------ DATA ------

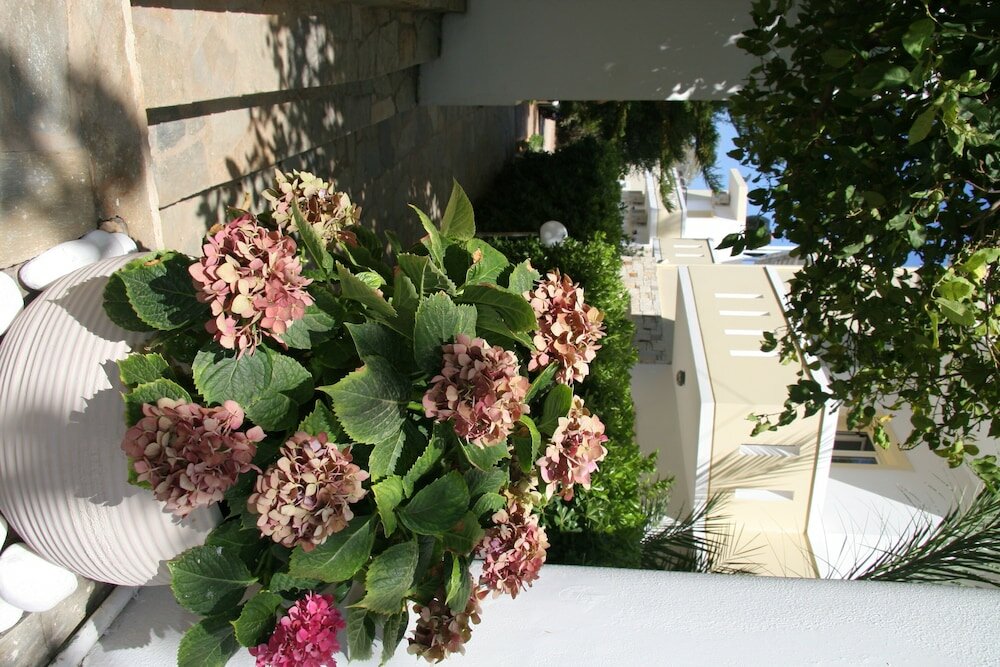 Фото Nikos Apartments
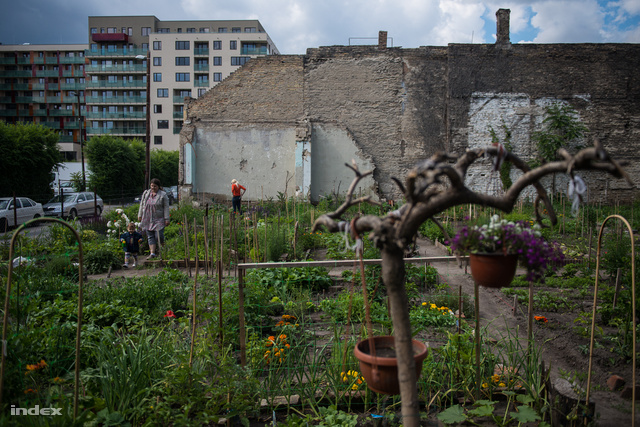 Közösségi kert a budapesti Leonardo utcában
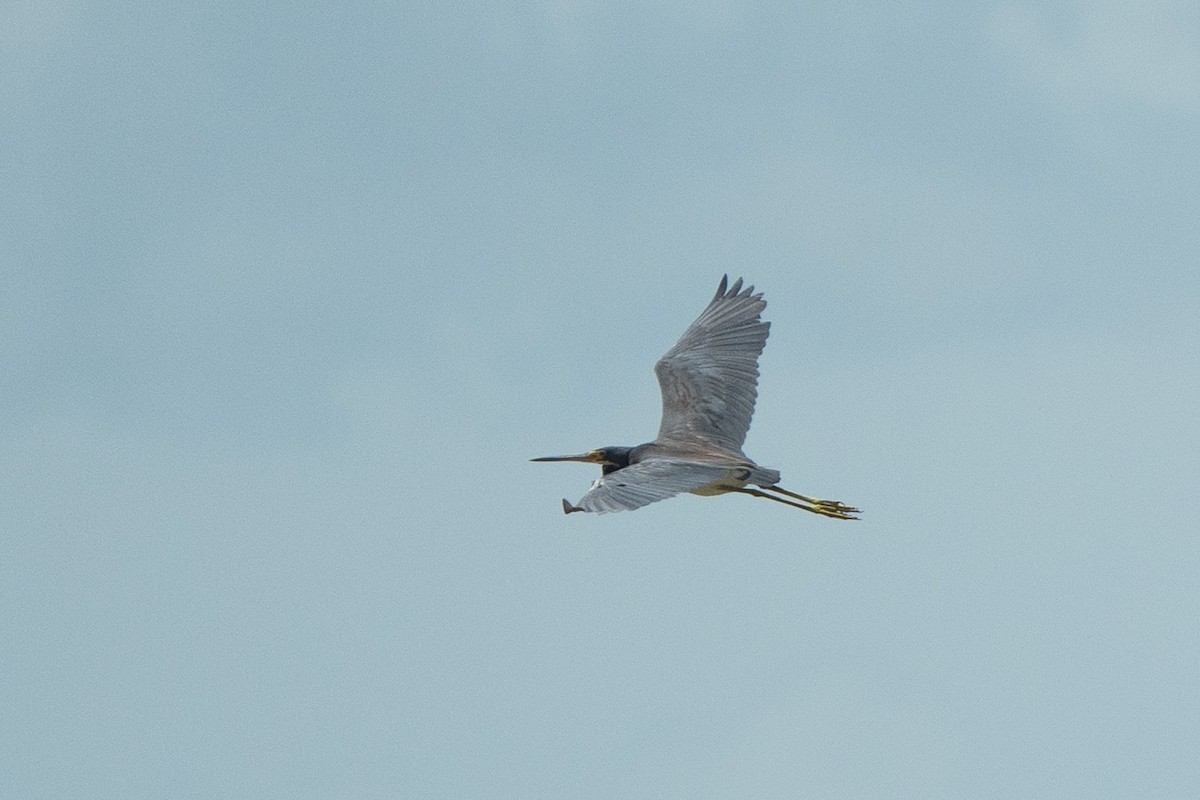 Tricolored Heron - ML650717967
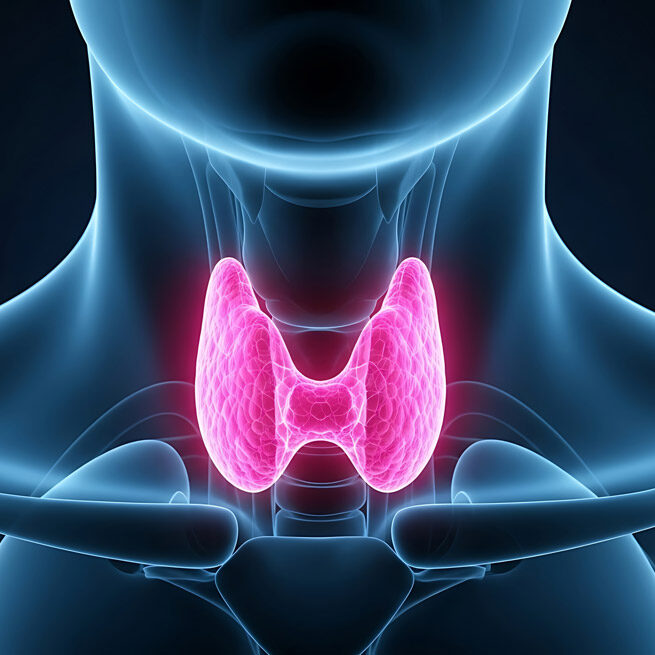 VMmed_thyroid2-1200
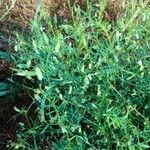 Vicia tetrasperma Fruit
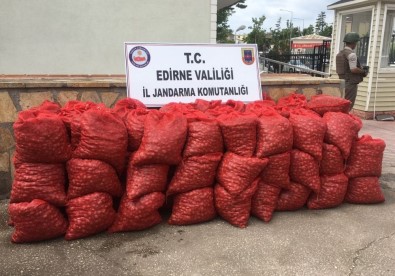 Edirne'de 70 Bin TL'lik Kaçak Midye Ele Geçirildi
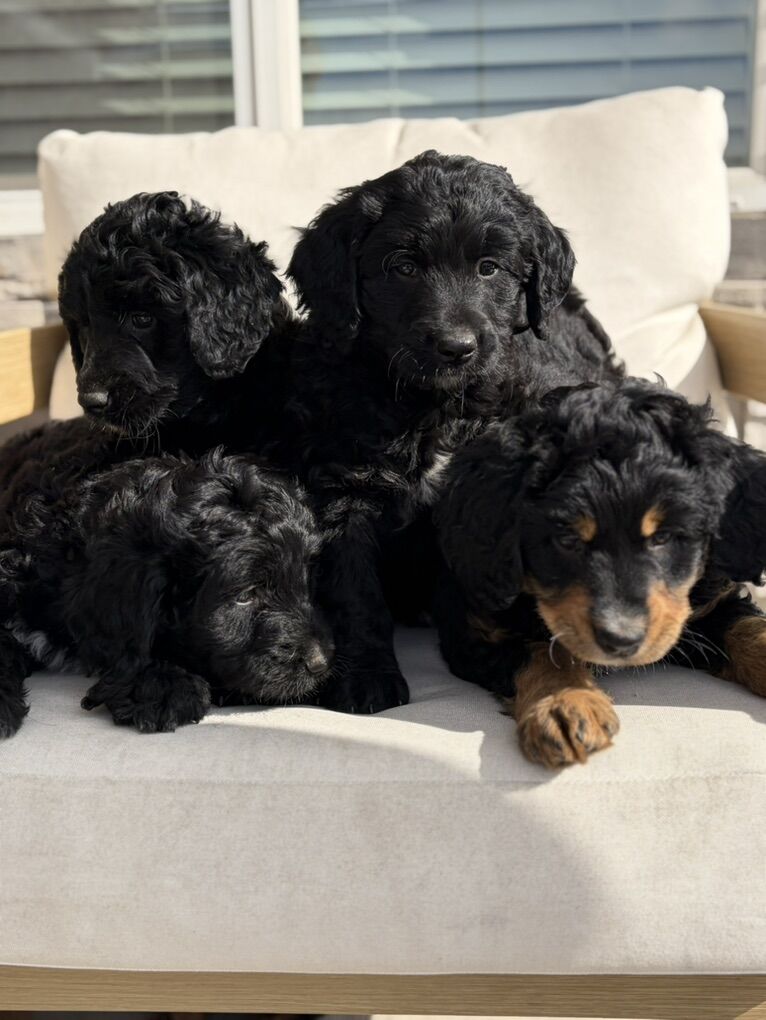 F1 Bernadoodles Puppies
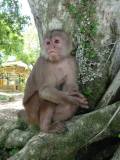 More_of_Ecuador-72
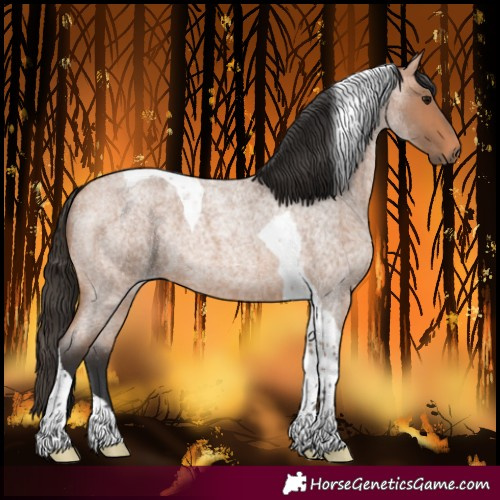 Horse Color:Bay Roan Tobiano 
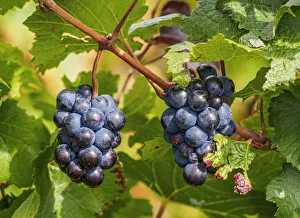 Grapes on the Vineyard of the Salentein Winery, Tunuyan Department, Mendoza Province Grapes on the Vineyard of the Salentein Winery, Tunuyan Department, Mendoza Province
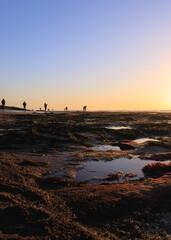 Naklejka premium Tidepools at Sunset on La Jolla Beach California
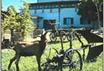 B&B Maccarini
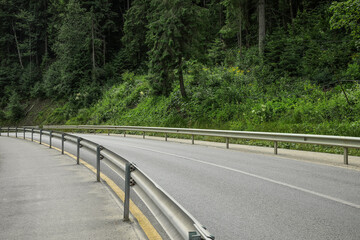 Wall Mural - Asphalt road in forest on summer day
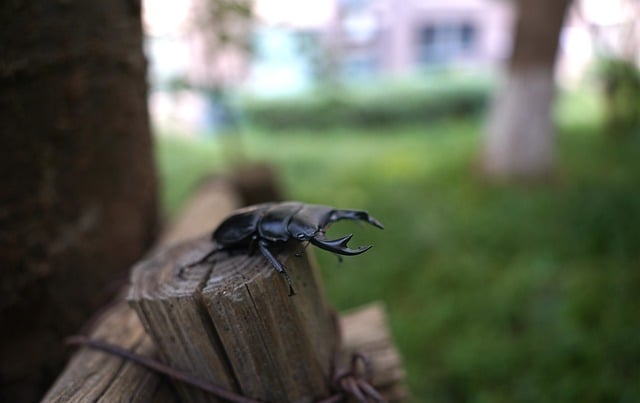 Free download insect beetle spade beetle free picture to be edited with GIMP free online image editor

------

EXERCISE OBJECTIVE: Your answer should be the lines from the first record down to the line containing "Mendoza Province Grapes", restated exactly, with no pictures.

RESPONSE BELOW:
 Фото Nikos Apartments
 Közösségi kert a budapesti Leonardo utcában
 Tricolored Heron - ML650717967
 VMmed_thyroid2-1200
 Vicia tetrasperma Fruit
 Edirne'de 70 Bin TL'lik Kaçak Midye Ele Geçirildi
 F1 Bernadoodles Puppies
 More_of_Ecuador-72
 Horse Color:Bay Roan Tobiano 
 Grapes on the Vineyard of the Salentein Winery, Tunuyan Department, Mendoza Province Grapes on the Vineyard of the Salentein Winery, Tunuyan Department, Mendoza Province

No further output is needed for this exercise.